Se me arruga la piel como arrugada se
muestra la de una gallina desplumada, solo de oír usted hablar de tributos. Ay
cosas de más que nos aferran a actos impositivos y no son nada agradables para
que podamos llamarlas de cosas favoritas.
Pendiente de otras clasificaciones, no me consta que el tributo posea
cualquier valor intrínseco, pero cabalga con armadura metálica sobre mulas y, blandiendo afilada espada, refleja
poderoso valor extrínseco, lo que es retumbante
y suficientemente tajante para transformar en cuero la más subserviente piel de
gallina, o mismo la piel de gallo por moi machiño que se crea. El derroche de
quien mama y solapa el abrigo de los
abuelos, de quien los hijos heredan como puente para albergar los
nietos, respinga con mucho empeño y sin ninguna piedad en manos ajenas. Ni la
caracola albergada en la recogida playa de Lourido, protegida por la unidad
autonómica de Muxía, escapa de la voracidad
de lo imponible por la única razón de una autoridad desrazonable.

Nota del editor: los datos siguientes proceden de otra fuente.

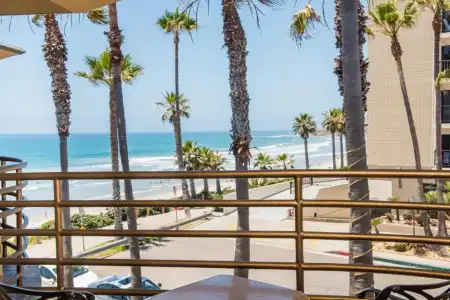 Pacific Terrace - 80
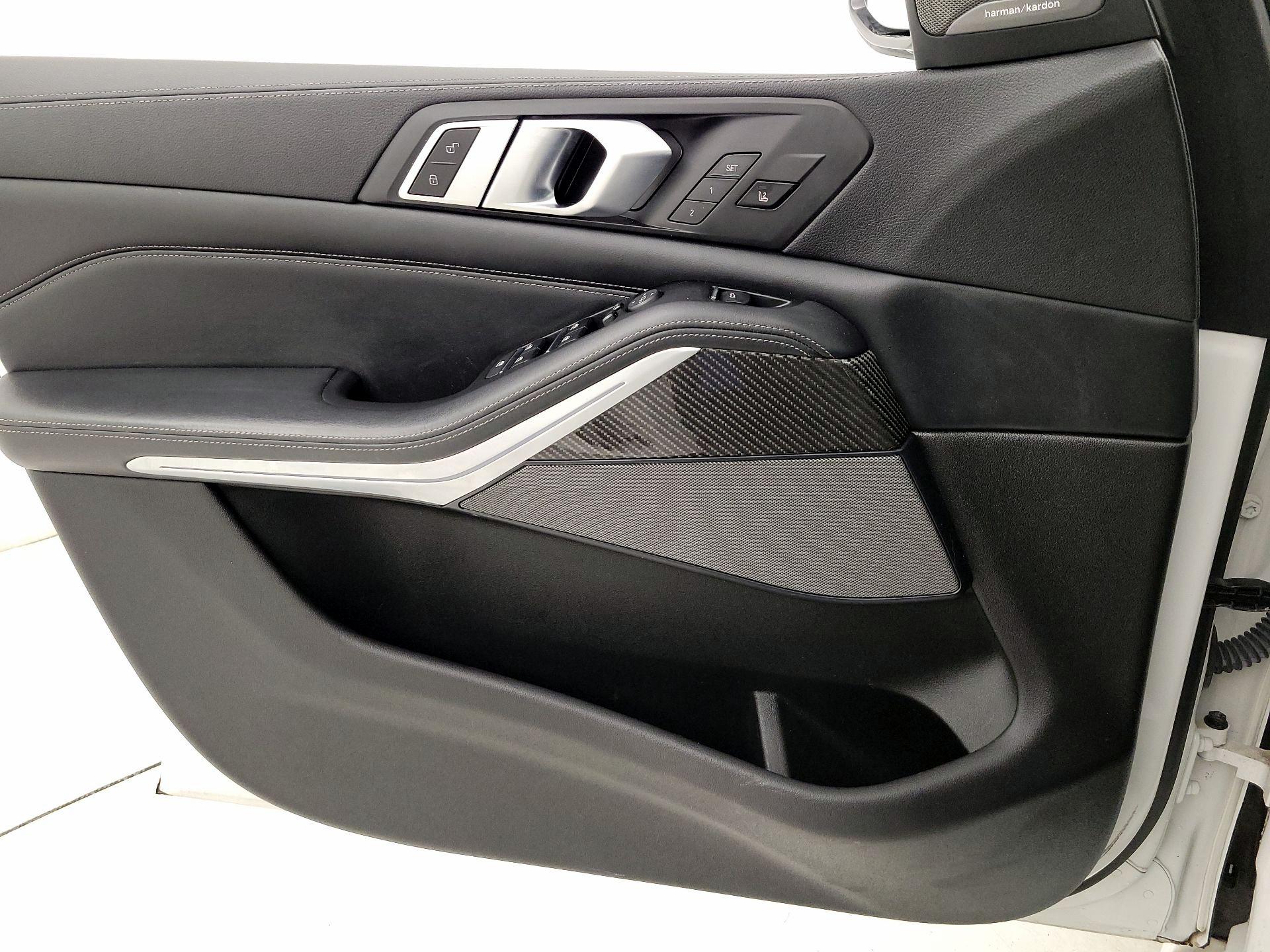 Thumbnail: 2021 BMW X5 - 12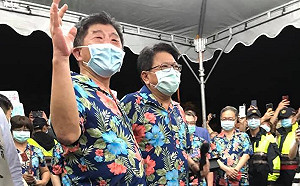 陳時中「花襯衫」逛墾丁 大街 帶頭高喊「我台灣我驕傲」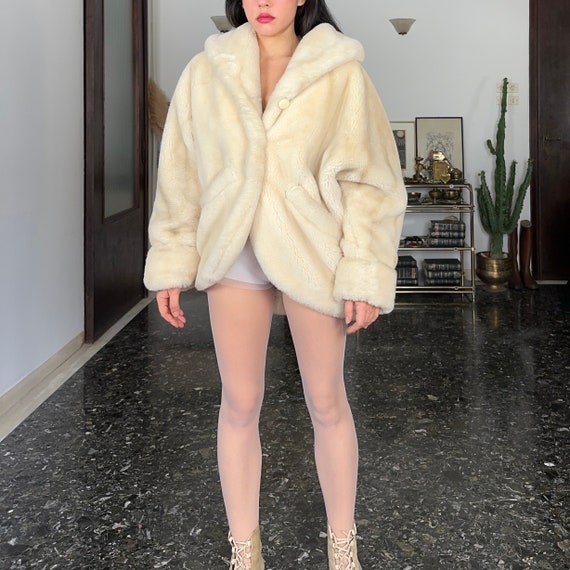 Vintage Cream White Faux Fur Coat Loose and Round… - image 1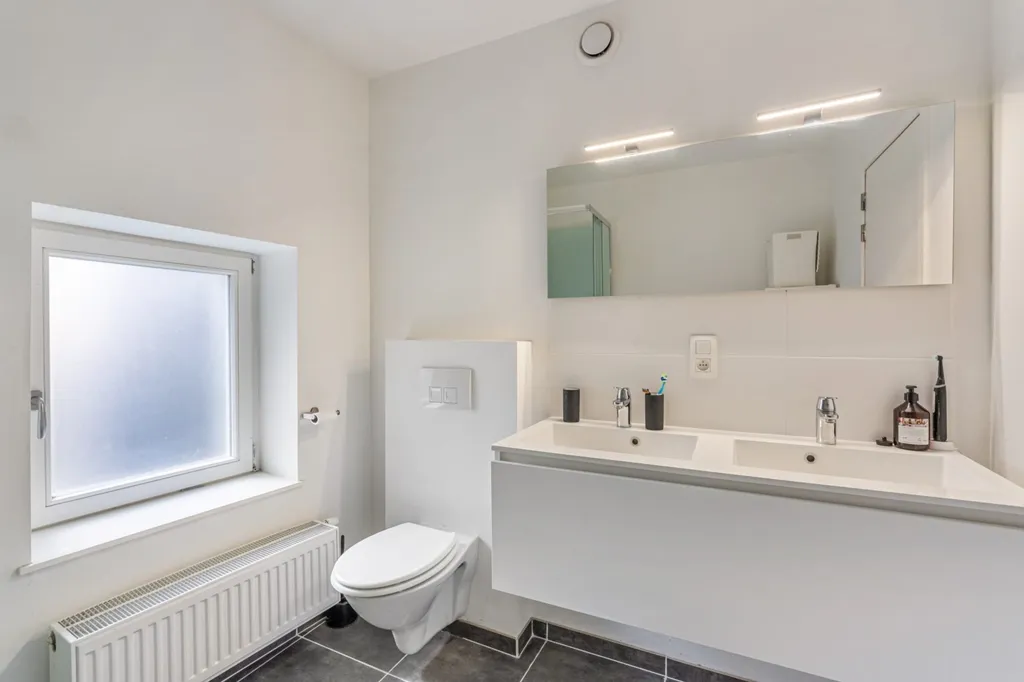 Salles de bain - Appartement Rénové et Énergétique au Centre de Diest
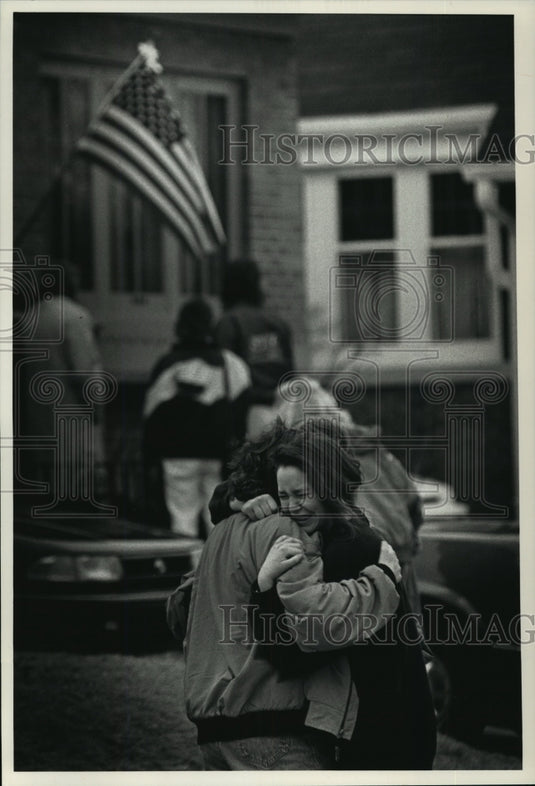 1991 Press Photo Scene at a Wauwatosa home where four people were fatally shot- Historic Images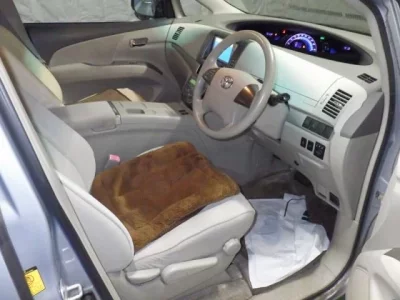 Toyota ESTIMA HYBRID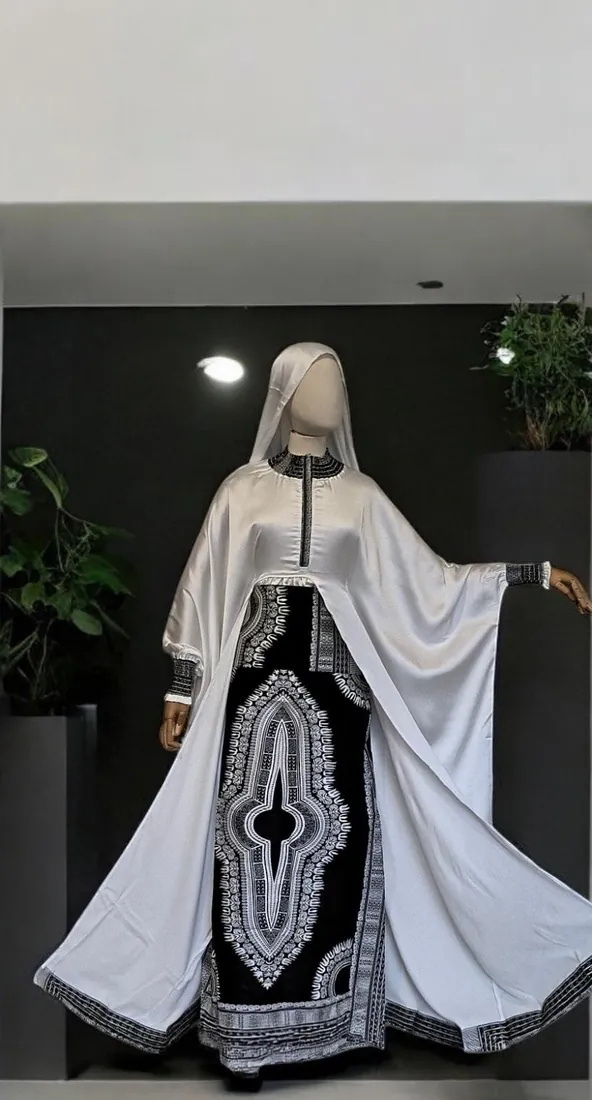 Abaya Mme Dar Nūr White and Black — Dar Nūr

El Carretas, insuflado por sus
querencias, me recuerda un cierto cuñado que entre tapas y vasos festejaba como
un enclítico tribuno mi retorno a la patria de abastados plebeyos. El local, en la calle de Albarellos Berrocal,
era apacible para el flujo y reflujo de vinos y sabores aromáticos del cayo y
tortilla, antepasto de la viciosa gula. En contribución amistosa por la hermandad
que nos unía, yo retribuía pagando el mejor vino con un cariñoso tapa. Creamos
una onda con su particular flujo y reflujo: una vez pagaba él, otra vez pagaba
yo. Ocurre que… Sin vocación para el arte enófilo ni siquiera conocedor de vagos
conocimientos atribuidos a un sommelier, fui aprendiendo por la fuerza del
consumo a reparar en el sabor, olor y textura del vino que el tabernero servía.
Cuando pagaba yo, el brebaje sabía a un mencia reservado, a un viejo rioja o a
un caro albariño. La vez del adorado cuñado, el sabor valía a un ribero vulgar.
Mi contribución afectiva era un tributo abusivo.